In the general appeals to domestic interests that any campaign invites, it’s unlikely that bold economic reforms – that is, to open up to freer trade and other spurs to competition and productivity – will figure highly in anyone’s platform. About the most that a prudent World Bank economist in Jakarta can hope is that recent retreats by the government toward resource protectionism and other wall building will not be worsened too much by promises on the stump, and the country after the vote can revert to one of its periodic stretches of liberalisation.

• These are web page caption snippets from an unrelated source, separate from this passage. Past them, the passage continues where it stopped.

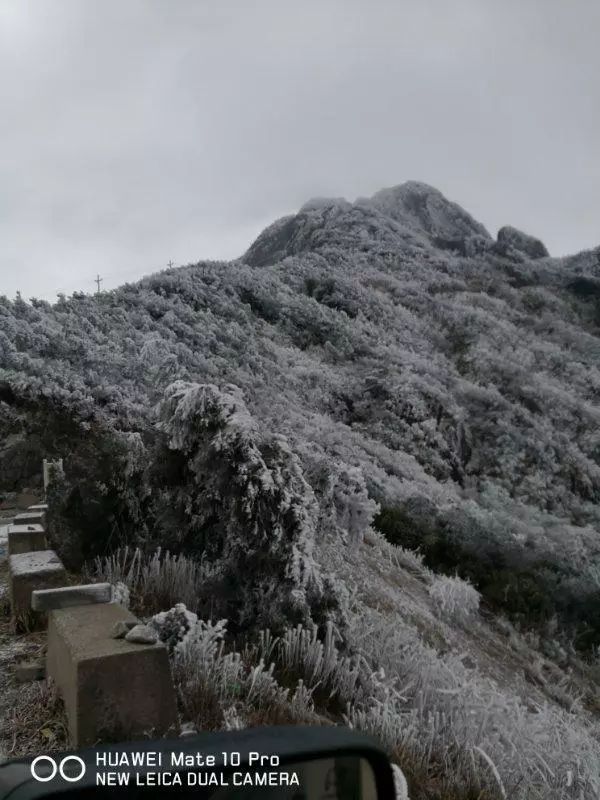 同样在1月29日上午,网友胡绍敏在金鸡山拍摄的一组雪景,实实在在惊艳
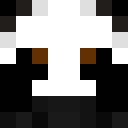 Player skin of Panda4884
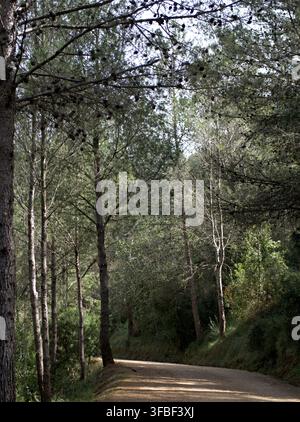 Dirt road winding through a dense pine forest. Stock Photo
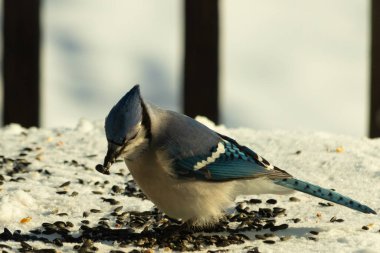 Mavi bir alakarga yemek için beyaz bir sahneye çıktı. Bu güzel kuş, her tarafında kuş yemi olan karların içinde. Corvid 'in oldukça mavi, beyaz ve siyah renkli tüyleri var..
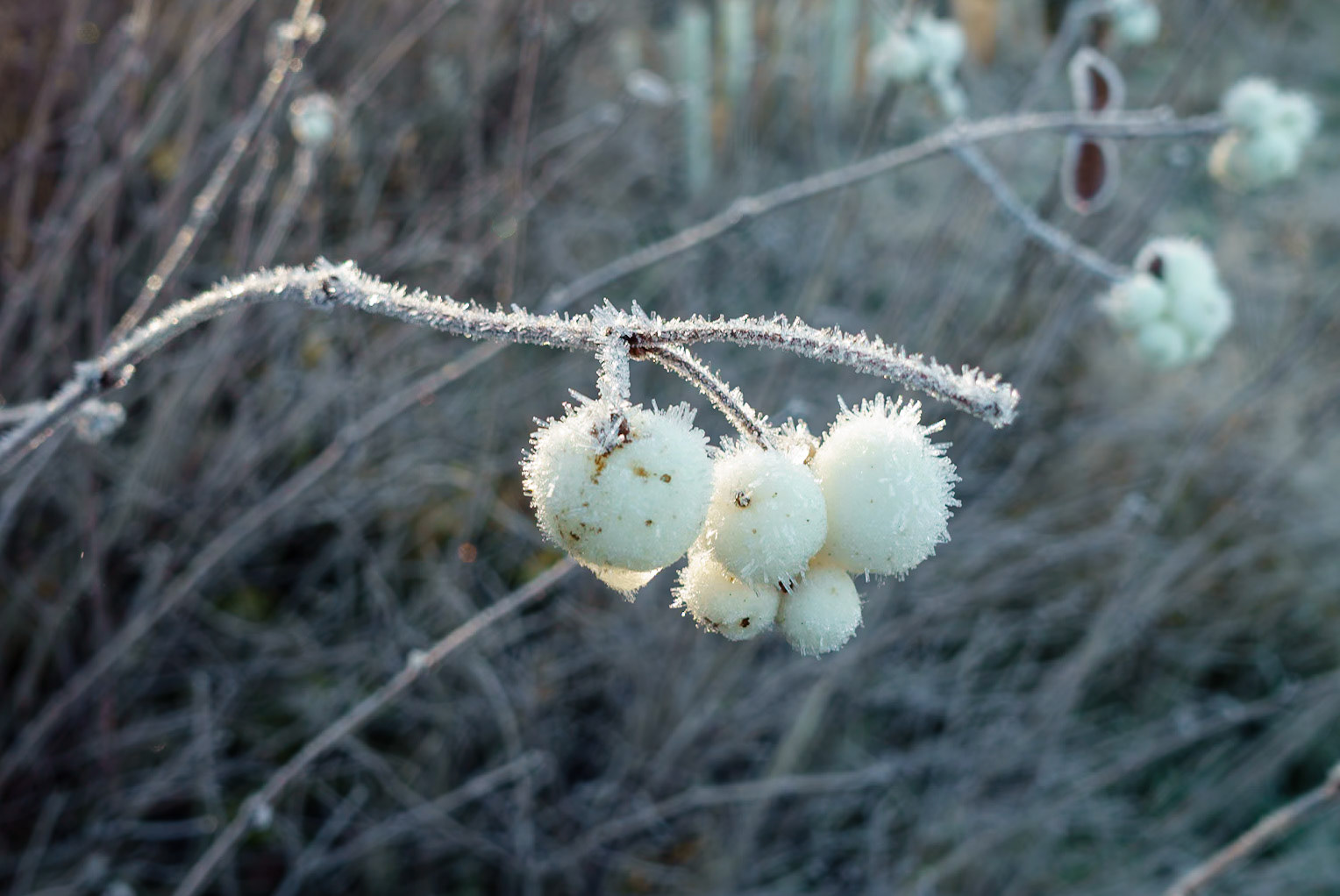 Frosted plants, Roslin Moat, 2024
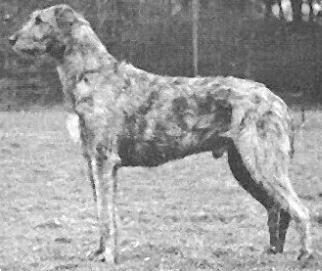 Clindhu of Eaglescrag | Irish Wolfhound 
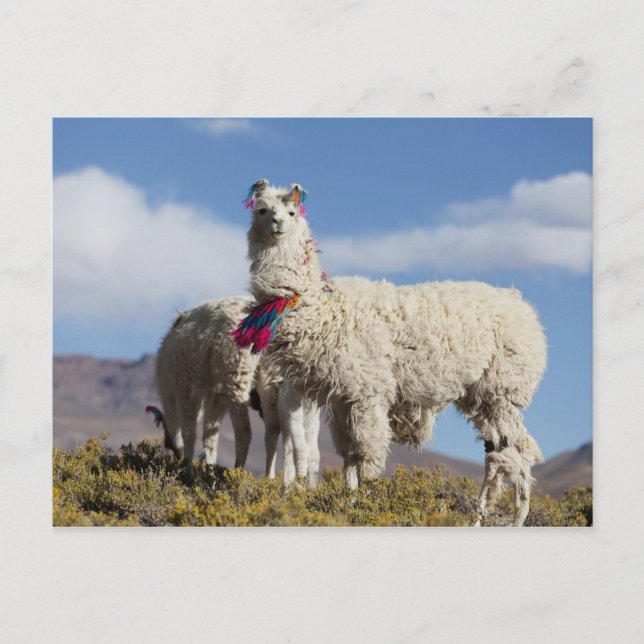 Decorated lama herd in the Puna, Andes mountains Postcard (Front)
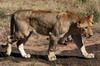 Lion (Panthera leo) - Kenya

It’s probably helpful that Indonesia has grown into membership in the fraternity of modern economies, the G-20 (or as I call it, the G19 + Argentina), and that this together with other, regional affiliations will nudge Jakarta toward multilateralism. Credit a sort of bureaucratic momentum and the need to sign onto those obligatory communiques. Plus as Indonesia steadily develops real businesses that compete in international channels and don’t just rely on crony-capitalism at home, they will put useful pressure on the political class. But distractions will not go away. There will be always be some showy offense to be taken at Australia or some drum-beater like John Kerry coming to town to score points against climate change. Indonesia and its 18,000 islands obviously are at the whim of nature but what its economic heart most needs is the solid infrastructure that wealth and honest administration can produce.

In getting there, the nation could use more weeks like the last few, with only so-much-attention-and-no-more being drawn to its predicament and promise.